MLServer
MLServer copied to clipboard
Fix mlserver_huggingface settings device type
If using a model-settings.json of the following form:
{
"name": "my-model",
"implementation": "mlserver_huggingface.HuggingFaceRuntime",
"parameters": {
"extra": {
"task": "text-generation",
"pretrained_model": "model/path",
"model_kwargs": {
"load_in_8bit": true
}
}
}
}
an error occurs when spinning up the server:
The model has been loaded with `accelerate` and therefore cannot be moved to a specific device. Please discard the `device` argument when creating your pipeline object.
because the load_in_8bit model kwarg makes forces the model to be loaded with Accelerate, and HuggingFaceSettings.device default value of -1 is passed.
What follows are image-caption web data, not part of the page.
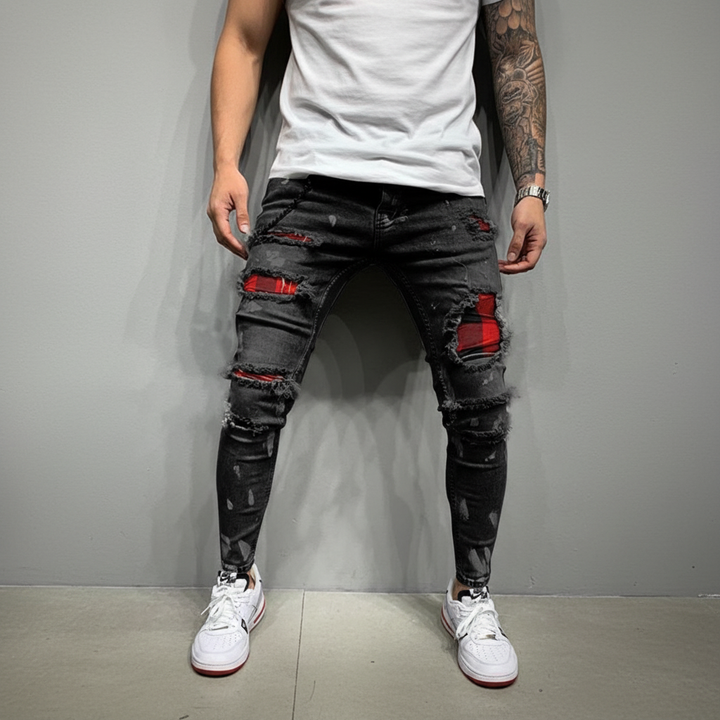 Jeansy męskie William slim fit z oryginalnymi przetarciami, idealne dla mężczyzn ceniących casualowy styl i modę.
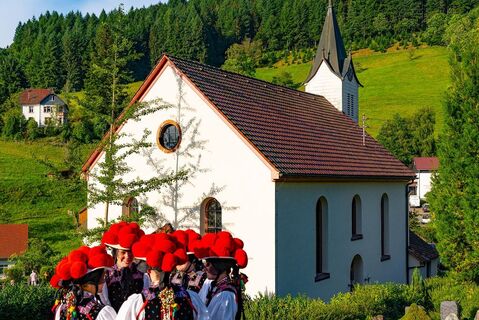 Bollenhut-Trachten vor der evangelischen Kirche St. Nikolaus Kirnbach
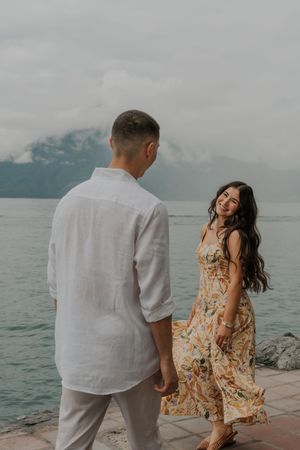 A couple shares romantic moments by the ocean with cloudy skies and turquoise waters in the background.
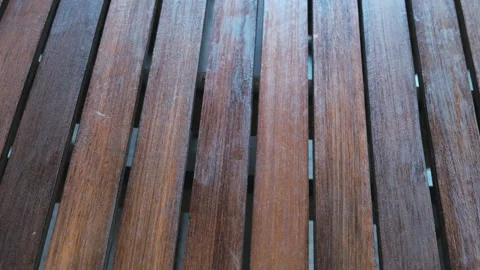 Close-up of a striped wooden table Stock Footage 245105859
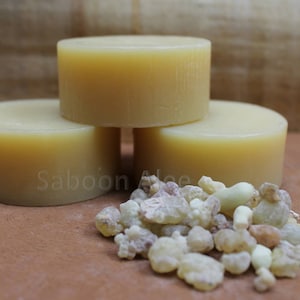 May include: Three round bars of pale yellow soap stacked on top of each other. A pile of small, light brown and white resin pieces are in front of the soap bars. The text "Saboon Aloe" is visible on the bottom soap bar.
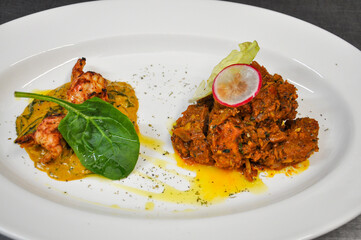 On the left, a portion of shrimp with vibrant greens, garnished with fresh spinach. On the right, a rich textured serving with juicy fish curry, 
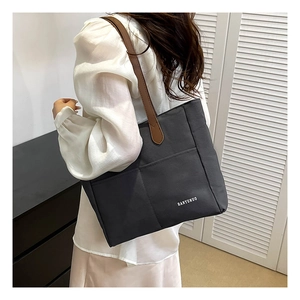 Detail of dark grey canvas tote with brown leather handles worn by a person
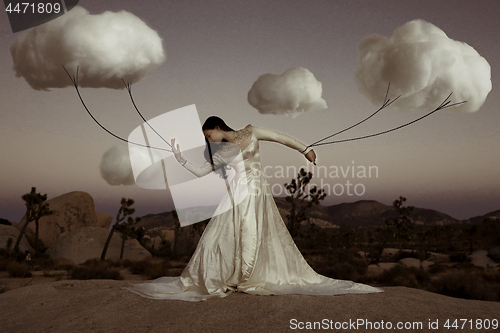 Image of Abstract Concept of Girl Attached to Clouds Representing Fantasy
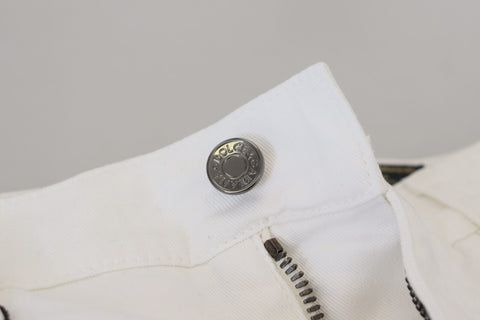 White slim skinny stretch cotton denim jeans by Dolce & Gabbana, showing fitted design and classic five-pocket style.
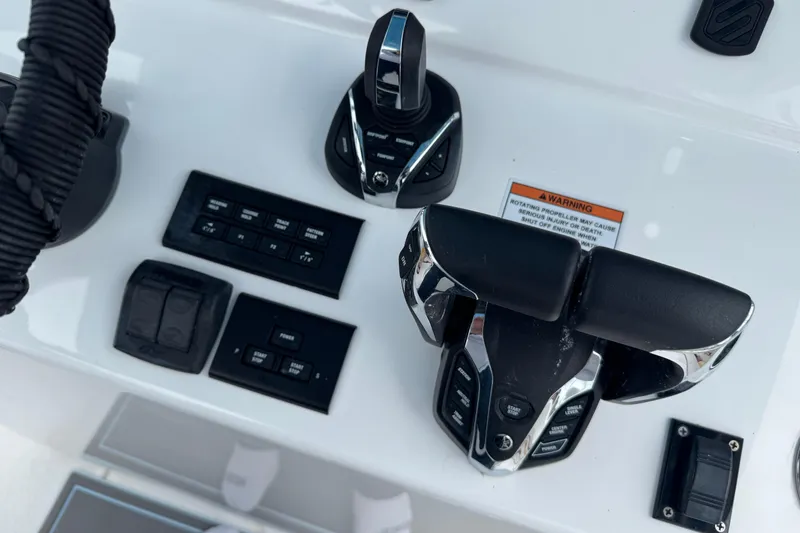 Slide: The Image of Control panel of 2024 Contender 30 Tournament boat with throttle and switches. - 14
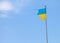 Ukrainian damaged flag against blue sky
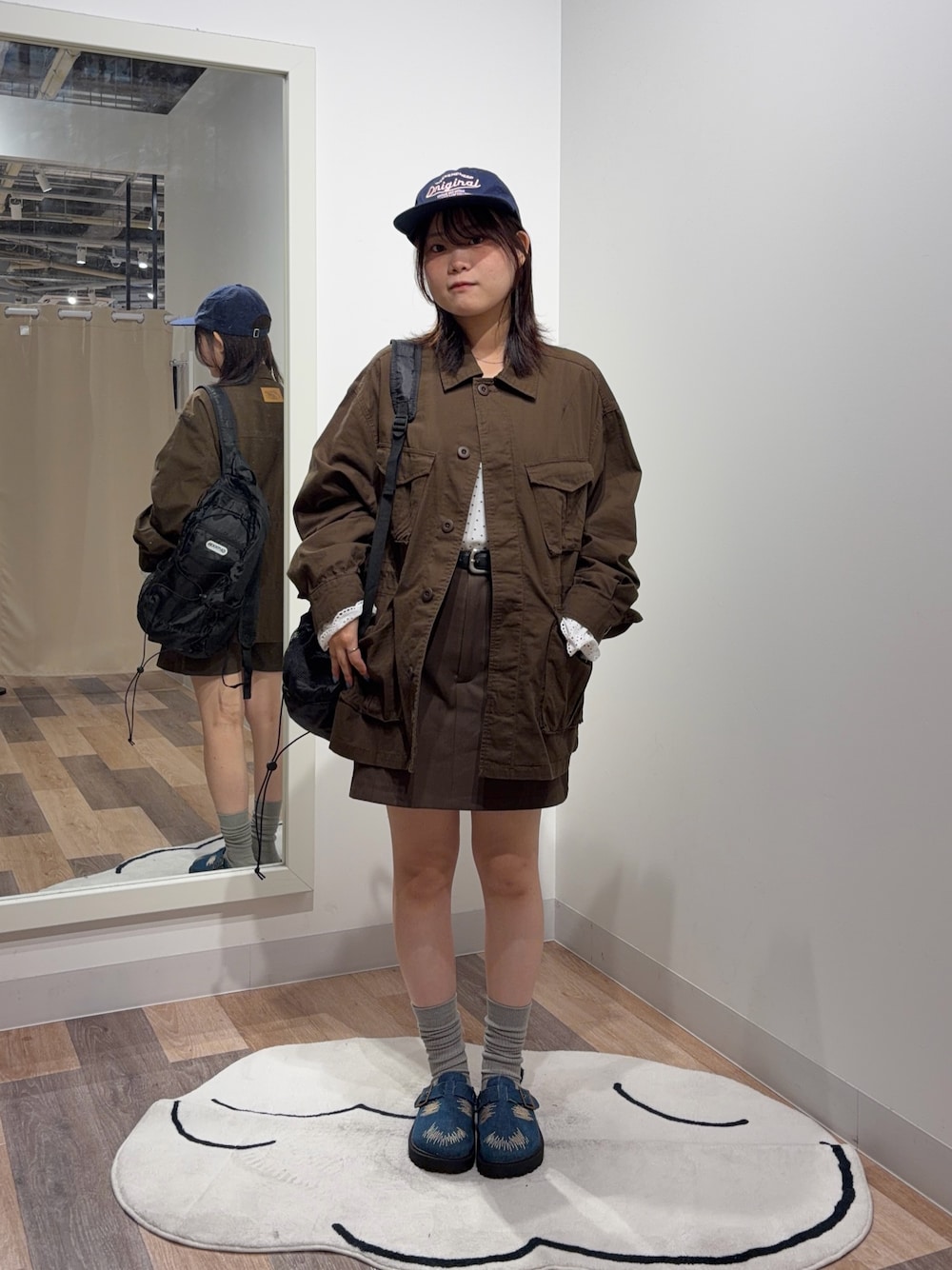 ブラック系のバックパック/リュック、ブラウン系のミリタリージャケット、ホワイト系のTシャツ/カットソーを着用したレディースの秋コーディネートの1枚目の写真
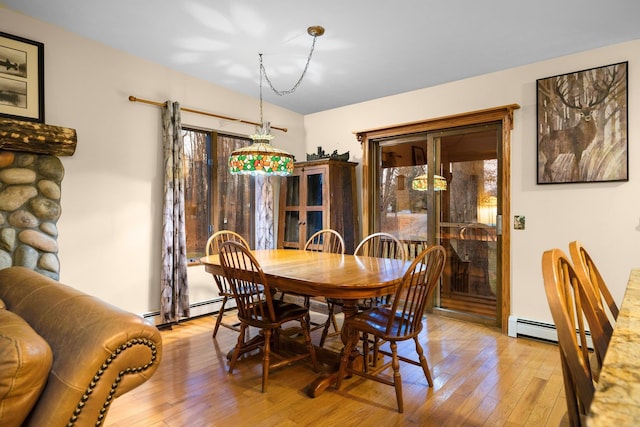 dining area featuring light wood-style flooring, a baseboard radiator, and french doors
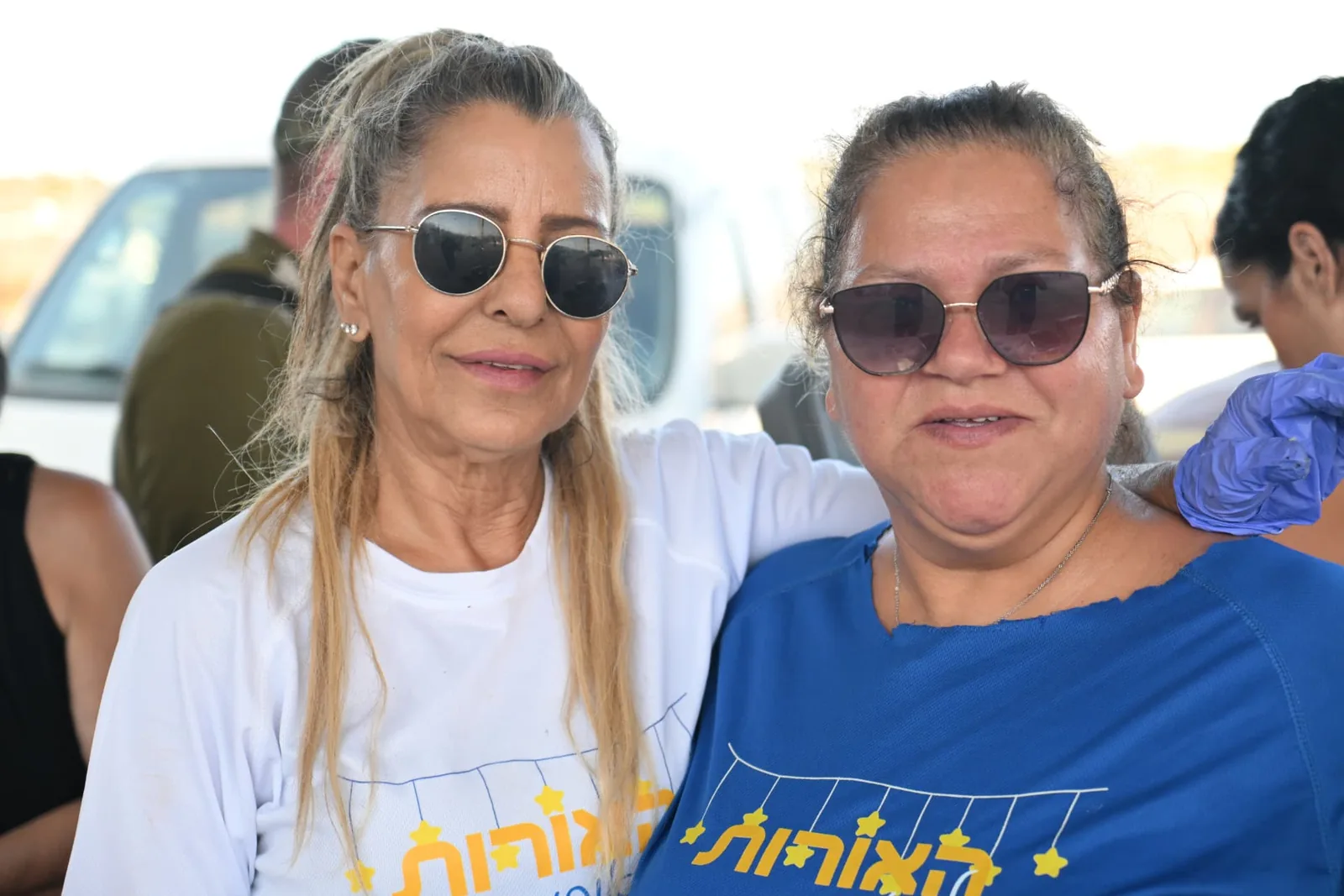 Two Lights of Orit volunteers in branded shirts pausing together during the event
I tried simply passing "device": null to the model settings json to prevent this default value, but this wasn't accepted because the schema is typed to int.
The solution is to expand the typing of HuggingFaceSettings.device to accept null (and string, while we're at it). Therefore I have updated the typing to Optional[Union[int,str]], which is very close to the type hint used in the underlying transformers pipeline.
I have tested the above model settings json with this change and the server starts as expected.
@adriangonz, please take a look when you have a chance. It's a small change
@adriangonz Thanks! I added a test that passes None, -1 and cpu for the device to ensure they all load into cpu.
@adriangonz :)
@sakoush if you don't mind taking a look, much appreciated!
@adriangonz @sakoush
is there anything holding this back?